День между пятницей и воскресеньем - Лейк Ирина. Страница 17
— Так и выходила бы, Тамар. Чего ж ты не вышла?
Он не хотел этого говорить. Зачем ему нужен был этот разговор, вся эта грязь? Он же знал ее и видел, что она выпила лишнего, он должен был просто прикусить язык и промолчать. Почти сорок лет это срабатывало, так почему в последнее время у него внутри все как будто закипало, пальцы сжимались в кулаки и в висках стучало? «Молчи!» — приказал он себе, но было поздно, Тамарочку уже понесло. Она кричала, не останавливаясь, и про несправедливость, и про украденную молодость, и про его гадких детей, испортивших ее фигуру, и про папочку, который вытащил Николая из грязи, а тот так и остался пустым местом. И про то, что Эдик, между прочим, до сих пор ее ждет! И стоит ей только шевельнуть мизинцем…
— Замолчи, Тамара, — тихо, но твердо сказал он. — Я прошу тебя, замолчи. И пойдем спать. Хватит.
— А с каких это пор ты стал затыкать мне рот? — огрызнулась она. — С каких это пор ты стал таким неотесанным хамом? Хотя о чем это я? Ха! Ты всегда таким и был! Тупое хамло! А папочка мне говорил… С каких же это пор?!
Он смотрел на ее мутные глаза, на растрепанные длинные волосы, крашеные, нелепые, как у пластмассовой куклы, на капли вина на подбородке, и ему ужасно хотелось ответить ей на ее вопрос «С каких это пор?». Набраться смелости и сказать: «С тех самых пор, как я ужасно устал, моя дорогая. Раньше я никогда не уставал, а тут вдруг жутко устал, Тамара. Устал терпеть твои бесконечные капризы и выходки, исполнять все твои требования, соглашаться и унижаться. Я всю жизнь работал, вытаскивал из тюрьмы твоего папочку, оплачивал врачей для твоей матери, тащил на себе всех вас и молчал. Ведь я никогда не хотел от тебя ничего особенного, мне просто нужно было немного любви и совсем немного благодарности за все, что я делаю. Но хоть бы раз в жизни ты поцеловала меня просто так, не на публику и не ради показухи, а потому что тебе захотелось.
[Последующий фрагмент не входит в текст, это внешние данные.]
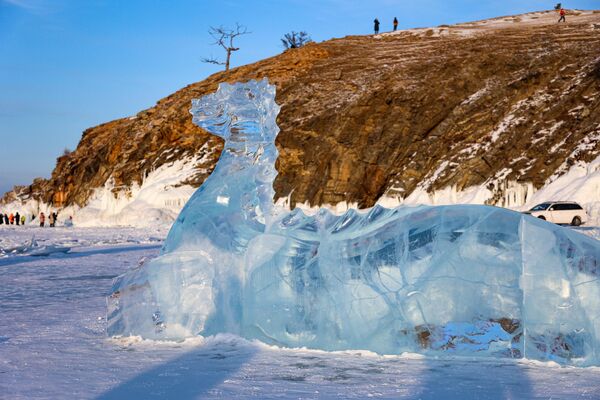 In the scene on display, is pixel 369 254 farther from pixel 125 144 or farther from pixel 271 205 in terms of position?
pixel 125 144

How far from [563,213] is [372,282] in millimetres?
24804

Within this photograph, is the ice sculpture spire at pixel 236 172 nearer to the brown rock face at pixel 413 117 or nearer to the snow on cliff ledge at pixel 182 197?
the snow on cliff ledge at pixel 182 197

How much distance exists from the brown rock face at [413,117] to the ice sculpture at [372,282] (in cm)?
3295

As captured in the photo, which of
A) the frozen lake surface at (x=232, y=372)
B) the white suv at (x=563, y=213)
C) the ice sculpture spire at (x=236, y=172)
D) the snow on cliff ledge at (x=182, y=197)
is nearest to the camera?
the frozen lake surface at (x=232, y=372)

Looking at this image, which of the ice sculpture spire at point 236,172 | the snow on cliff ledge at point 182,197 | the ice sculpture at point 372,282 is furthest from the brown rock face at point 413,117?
the ice sculpture at point 372,282

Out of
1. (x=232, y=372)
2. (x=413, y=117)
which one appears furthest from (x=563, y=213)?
(x=232, y=372)

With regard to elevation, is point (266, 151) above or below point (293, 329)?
above

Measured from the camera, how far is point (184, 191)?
47.6 metres

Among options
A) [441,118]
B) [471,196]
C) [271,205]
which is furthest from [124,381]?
[441,118]

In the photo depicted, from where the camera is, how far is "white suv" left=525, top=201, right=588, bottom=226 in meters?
28.3

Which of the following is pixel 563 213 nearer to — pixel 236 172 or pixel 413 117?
pixel 413 117

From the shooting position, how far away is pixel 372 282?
572 cm

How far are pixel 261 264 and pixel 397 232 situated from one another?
3.80 feet

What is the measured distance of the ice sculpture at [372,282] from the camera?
5305mm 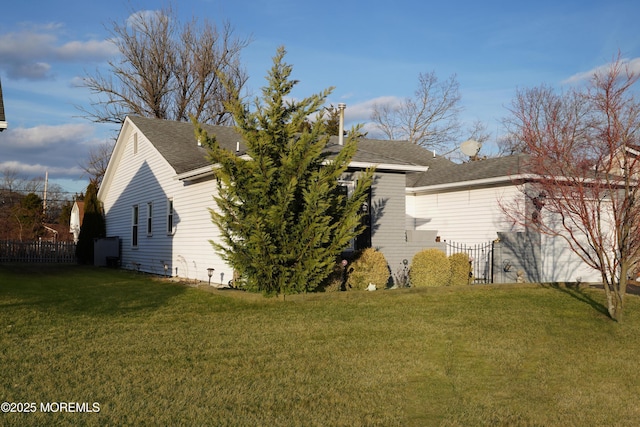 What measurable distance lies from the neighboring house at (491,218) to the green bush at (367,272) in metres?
3.51

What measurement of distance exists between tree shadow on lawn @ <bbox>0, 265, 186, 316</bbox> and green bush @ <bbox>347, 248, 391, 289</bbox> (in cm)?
393

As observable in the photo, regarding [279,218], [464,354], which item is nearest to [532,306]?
[464,354]

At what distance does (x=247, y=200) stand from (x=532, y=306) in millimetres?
5758

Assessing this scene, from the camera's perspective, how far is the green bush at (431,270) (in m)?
14.7

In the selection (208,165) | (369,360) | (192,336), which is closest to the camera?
(369,360)

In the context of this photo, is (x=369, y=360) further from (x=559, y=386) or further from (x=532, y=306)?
(x=532, y=306)

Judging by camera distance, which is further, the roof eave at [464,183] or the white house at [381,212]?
the white house at [381,212]

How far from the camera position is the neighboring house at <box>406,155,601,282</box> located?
1614 centimetres

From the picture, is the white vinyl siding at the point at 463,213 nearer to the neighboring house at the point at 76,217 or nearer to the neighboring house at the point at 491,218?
the neighboring house at the point at 491,218

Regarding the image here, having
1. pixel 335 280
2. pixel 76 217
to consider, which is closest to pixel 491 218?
pixel 335 280

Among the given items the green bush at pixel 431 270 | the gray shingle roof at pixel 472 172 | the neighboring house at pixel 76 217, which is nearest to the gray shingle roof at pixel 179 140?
the gray shingle roof at pixel 472 172

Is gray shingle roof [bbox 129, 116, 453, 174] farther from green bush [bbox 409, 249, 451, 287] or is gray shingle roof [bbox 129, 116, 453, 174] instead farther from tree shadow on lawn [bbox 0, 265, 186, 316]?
tree shadow on lawn [bbox 0, 265, 186, 316]

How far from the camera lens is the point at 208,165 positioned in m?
15.5

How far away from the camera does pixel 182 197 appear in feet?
61.1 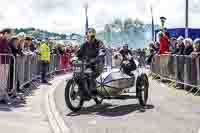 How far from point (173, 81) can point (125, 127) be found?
10.3m

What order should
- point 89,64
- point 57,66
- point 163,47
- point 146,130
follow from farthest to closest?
point 57,66, point 163,47, point 89,64, point 146,130

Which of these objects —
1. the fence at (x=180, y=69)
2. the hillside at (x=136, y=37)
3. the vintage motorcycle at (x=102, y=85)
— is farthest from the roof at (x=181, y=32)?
the hillside at (x=136, y=37)

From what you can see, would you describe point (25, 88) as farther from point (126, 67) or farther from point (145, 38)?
point (145, 38)

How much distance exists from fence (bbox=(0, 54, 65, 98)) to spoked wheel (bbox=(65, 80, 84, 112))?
2.50 meters

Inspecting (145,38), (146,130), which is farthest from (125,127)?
(145,38)

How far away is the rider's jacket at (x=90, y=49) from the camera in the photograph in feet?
44.7

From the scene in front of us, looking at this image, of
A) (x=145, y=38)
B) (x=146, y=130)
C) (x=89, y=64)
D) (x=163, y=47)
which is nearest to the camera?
(x=146, y=130)

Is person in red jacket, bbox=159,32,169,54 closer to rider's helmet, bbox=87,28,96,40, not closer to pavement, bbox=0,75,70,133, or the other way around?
pavement, bbox=0,75,70,133

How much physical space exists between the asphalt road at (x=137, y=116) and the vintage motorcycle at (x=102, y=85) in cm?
28

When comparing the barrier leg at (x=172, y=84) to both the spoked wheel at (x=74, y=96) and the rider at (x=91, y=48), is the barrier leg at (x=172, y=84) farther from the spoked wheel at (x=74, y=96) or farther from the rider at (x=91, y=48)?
the spoked wheel at (x=74, y=96)

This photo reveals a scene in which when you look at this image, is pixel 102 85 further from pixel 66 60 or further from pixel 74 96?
pixel 66 60

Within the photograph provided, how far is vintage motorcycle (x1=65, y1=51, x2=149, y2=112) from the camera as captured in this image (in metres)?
12.8

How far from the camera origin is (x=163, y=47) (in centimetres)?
2381

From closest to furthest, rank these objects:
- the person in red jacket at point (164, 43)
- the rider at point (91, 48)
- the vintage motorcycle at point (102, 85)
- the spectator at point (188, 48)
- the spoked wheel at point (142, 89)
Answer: the vintage motorcycle at point (102, 85) < the rider at point (91, 48) < the spoked wheel at point (142, 89) < the spectator at point (188, 48) < the person in red jacket at point (164, 43) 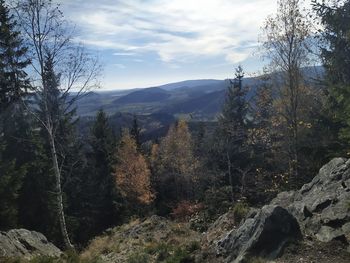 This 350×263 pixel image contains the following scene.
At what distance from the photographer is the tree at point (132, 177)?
3856 cm

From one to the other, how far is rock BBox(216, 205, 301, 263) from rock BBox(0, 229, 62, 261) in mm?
6339

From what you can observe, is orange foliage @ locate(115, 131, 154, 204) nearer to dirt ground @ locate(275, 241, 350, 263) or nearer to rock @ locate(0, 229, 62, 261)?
rock @ locate(0, 229, 62, 261)

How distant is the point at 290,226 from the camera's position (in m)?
9.52

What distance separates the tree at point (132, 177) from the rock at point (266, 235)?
2832 centimetres

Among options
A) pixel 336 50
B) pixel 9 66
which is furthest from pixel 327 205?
pixel 9 66

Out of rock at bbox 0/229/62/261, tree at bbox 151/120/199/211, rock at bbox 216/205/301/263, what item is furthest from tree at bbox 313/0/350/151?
tree at bbox 151/120/199/211

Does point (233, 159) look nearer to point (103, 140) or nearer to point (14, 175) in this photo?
point (103, 140)

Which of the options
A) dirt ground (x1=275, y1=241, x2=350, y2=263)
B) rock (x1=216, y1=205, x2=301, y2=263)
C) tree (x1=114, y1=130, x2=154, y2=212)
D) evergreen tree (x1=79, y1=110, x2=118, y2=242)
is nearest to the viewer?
dirt ground (x1=275, y1=241, x2=350, y2=263)

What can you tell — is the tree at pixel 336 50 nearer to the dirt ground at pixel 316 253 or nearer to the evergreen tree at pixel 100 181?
the dirt ground at pixel 316 253

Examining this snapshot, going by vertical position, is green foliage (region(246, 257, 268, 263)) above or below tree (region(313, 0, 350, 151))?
below

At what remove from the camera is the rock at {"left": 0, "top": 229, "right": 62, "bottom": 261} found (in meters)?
12.8

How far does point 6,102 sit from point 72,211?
13263 millimetres

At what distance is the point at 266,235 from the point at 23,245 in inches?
377

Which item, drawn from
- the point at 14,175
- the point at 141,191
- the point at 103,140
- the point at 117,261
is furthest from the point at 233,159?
the point at 117,261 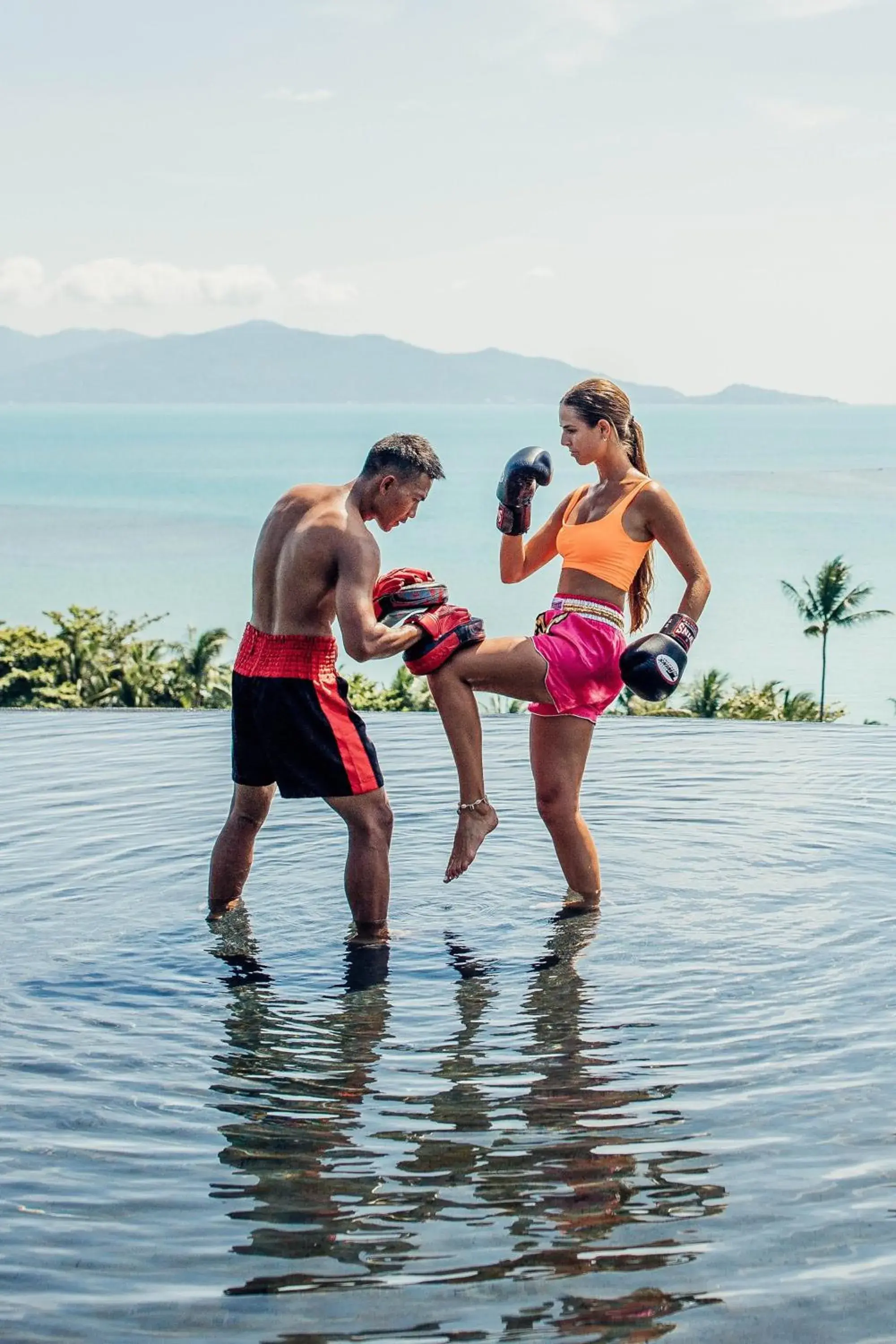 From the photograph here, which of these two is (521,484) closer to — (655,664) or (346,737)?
(655,664)

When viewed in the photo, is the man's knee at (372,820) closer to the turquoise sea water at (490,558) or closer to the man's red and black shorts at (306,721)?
the man's red and black shorts at (306,721)

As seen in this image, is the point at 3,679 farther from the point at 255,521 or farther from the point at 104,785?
the point at 255,521

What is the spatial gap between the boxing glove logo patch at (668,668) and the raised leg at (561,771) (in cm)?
34

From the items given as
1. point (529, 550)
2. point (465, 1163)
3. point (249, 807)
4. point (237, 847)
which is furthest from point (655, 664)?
point (465, 1163)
Потому что ты любишь меня хоть чуть-чуть. Или хотя бы немного меня жалеешь…»
Он поднялся и вышел из комнаты. И ничего не сказал.
Вера
Вере тоже не спалось. За окнами уже светало, но сон слишком далеко сбежал от нее, пока они успокаивали маму, отмывали кухню, искали таксу Сему, который под шумок улизнул на улицу, а потом еще болтали с сестрой, закутавшись в один плед, как в детстве. Но Мила вдруг глянула на часы и спохватилась, что спать осталось всего ничего, а скоро поднимутся малыши-близнецы, и отдохнуть ей уже не удастся. Тогда Вера тоже пошла наверх, легко пробежала по холодным ступенькам и забралась под одеяло, под бок к Диме. Тот сладко похрапывал, но, как только она легла рядом, тут же довольно причмокнул, обнял ее тяжелой большой рукой и улыбнулся во сне. И теперь в утренних серых сумерках она смотрела на него и тоже улыбалась, и спать не хотелось ни капельки, а внутри растекалось тепло. Она осторожно погладила Диму по лицу, касаясь совсем легко, чтобы не разбудить, провела линию, как будто рисовала: брови, нос, бороду. В нем не было ничего особенного, просто здоровенный мужик, высокий, крепкий и мохнатый, как медведь, — даже на спине у него густо росли волосы, и только Вера знала, что он ужасно этого стесняется, но сбривать их не разрешала — ей нравилось в нем абсолютно все, ей нравилось его тискать, прижиматься к нему, обнимать его, а иногда в сердцах стукнуть кулаком в бок, ей нравился и чуть кривой нос (подрался в армии), и шрам на подбородке (он любил рассказывать, что на него напал тигр, когда он отбился от группы туристов в диких джунглях, но на самом деле его в детстве ударил камнем какой-то вредный ребенок в садике, а за что, он уже и не помнил). У него были ножищи сорок шестого размера, и он всегда плакал, когда смотрел диснеевские мультики, а еще у него были самые красивые руки. И вообще, это был самый красивый мужчина из всех, что она знала в жизни. И самый лучший. А ведь она даже не собиралась замуж. Точнее, собиралась, еще как собиралась, но совсем не за него…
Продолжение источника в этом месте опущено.